• _Directions_: The result should be the full listing copied exactly, with no pictures in it.

━━ Data shown

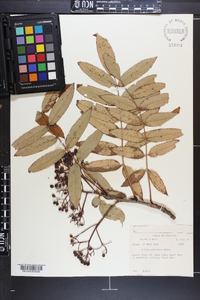 Sorbus americana image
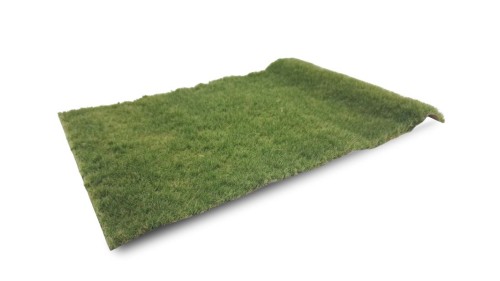 Weiland zomer - lang, 42 x 58 cm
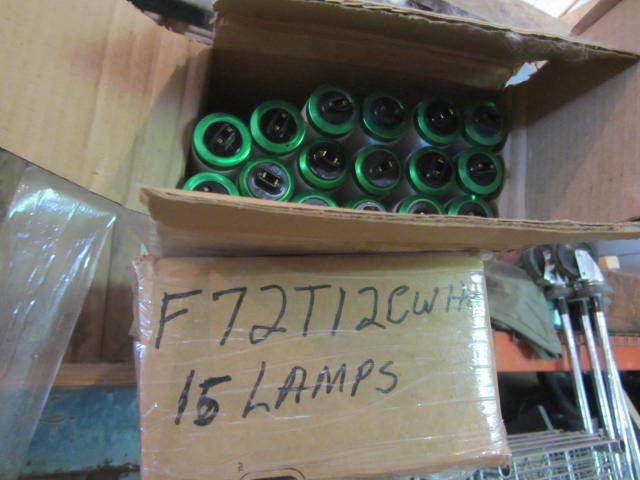 Fluorescent Light Bulbs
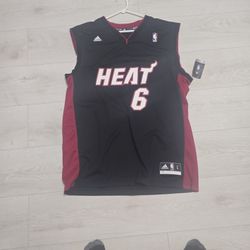 Lebron James Jersey
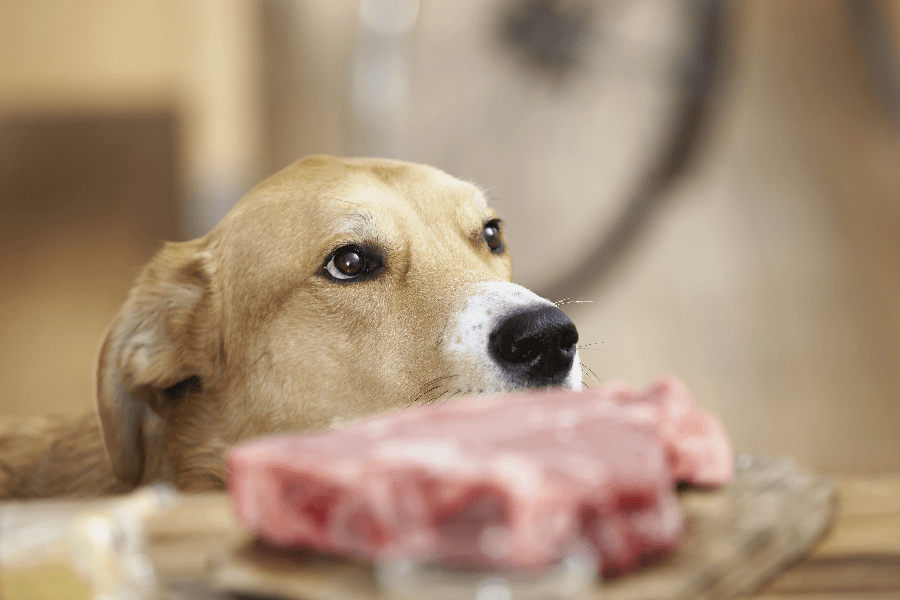 The Best Raw Foods for Puppies Direct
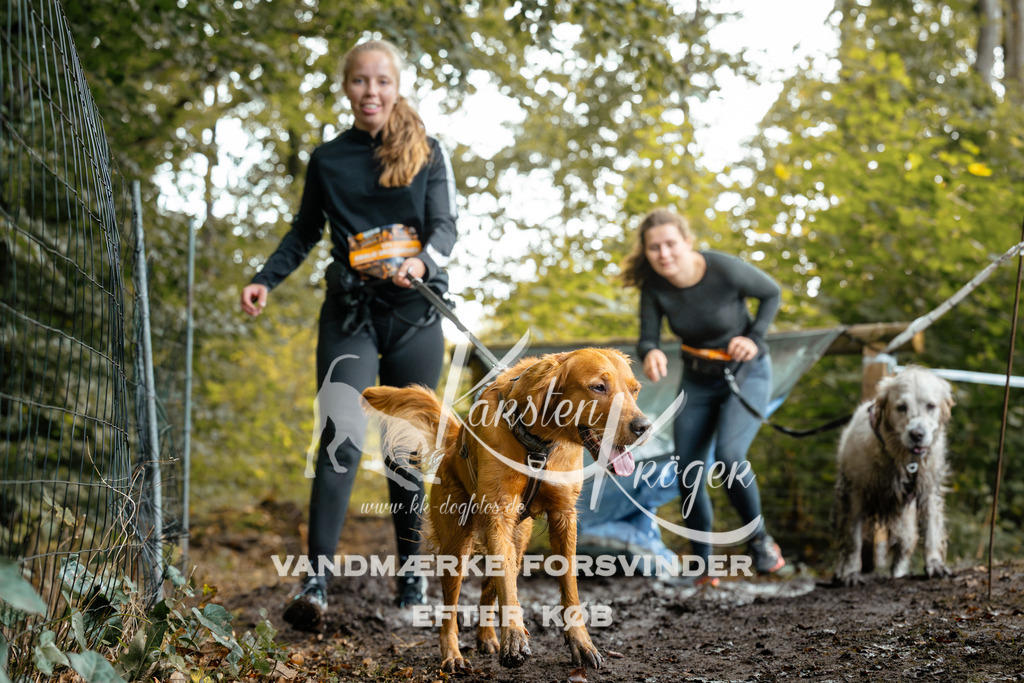 1435DZ6_3090Z6 | kk-dogfotos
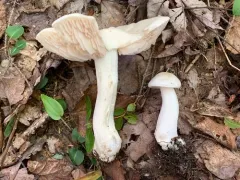 Entoloma subsinuatum thumbnail 4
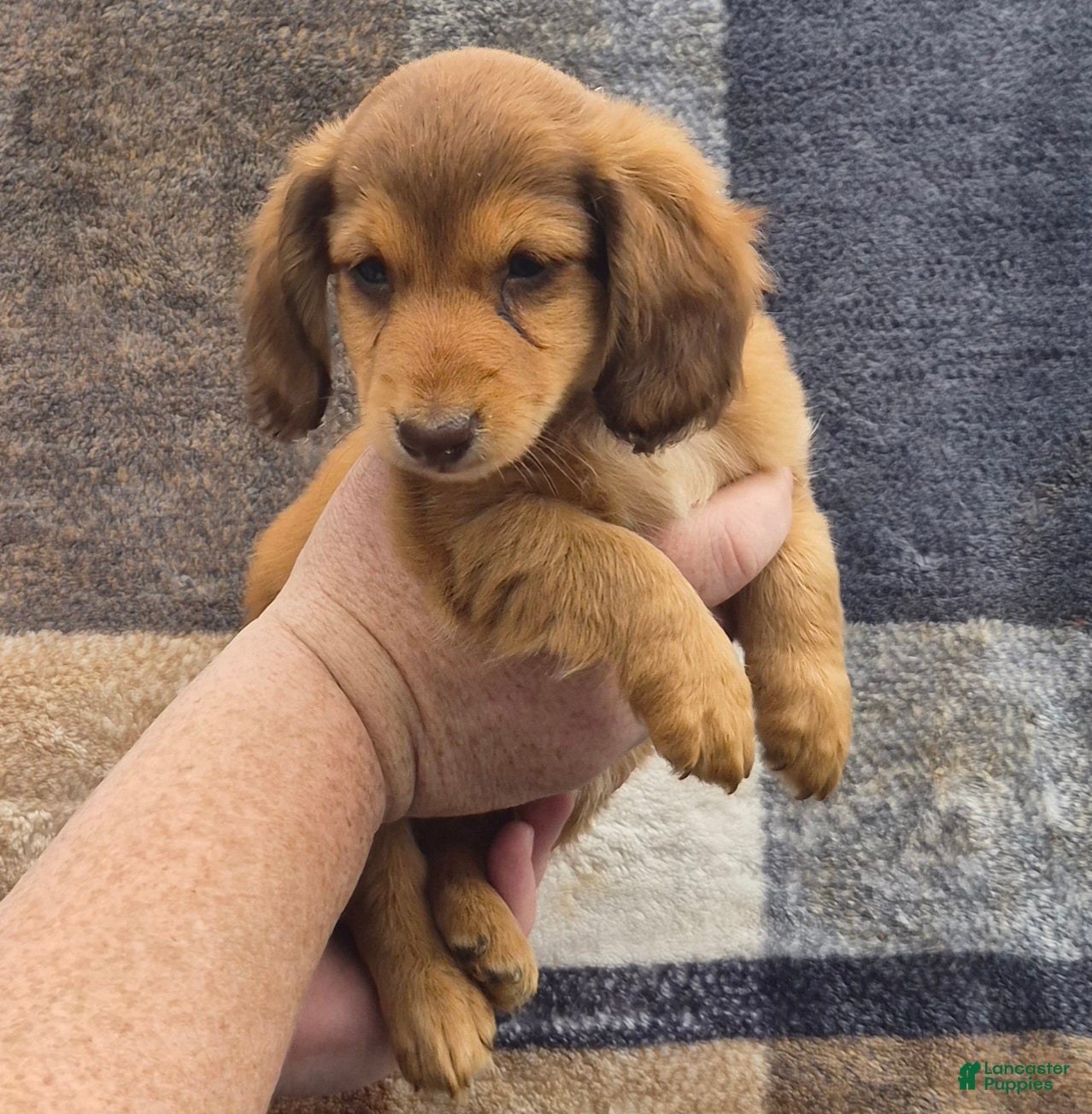 Miniature Dachshund dogs for sale: Miniature Dachshund 3 - Ad 3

━━━━

• _Written solution_:
 Sorbus americana image
 Weiland zomer - lang, 42 x 58 cm
 Fluorescent Light Bulbs
 Lebron James Jersey
 The Best Raw Foods for Puppies Direct
 1435DZ6_3090Z6 | kk-dogfotos
 Entoloma subsinuatum thumbnail 4
 Miniature Dachshund dogs for sale: Miniature Dachshund 3 - Ad 3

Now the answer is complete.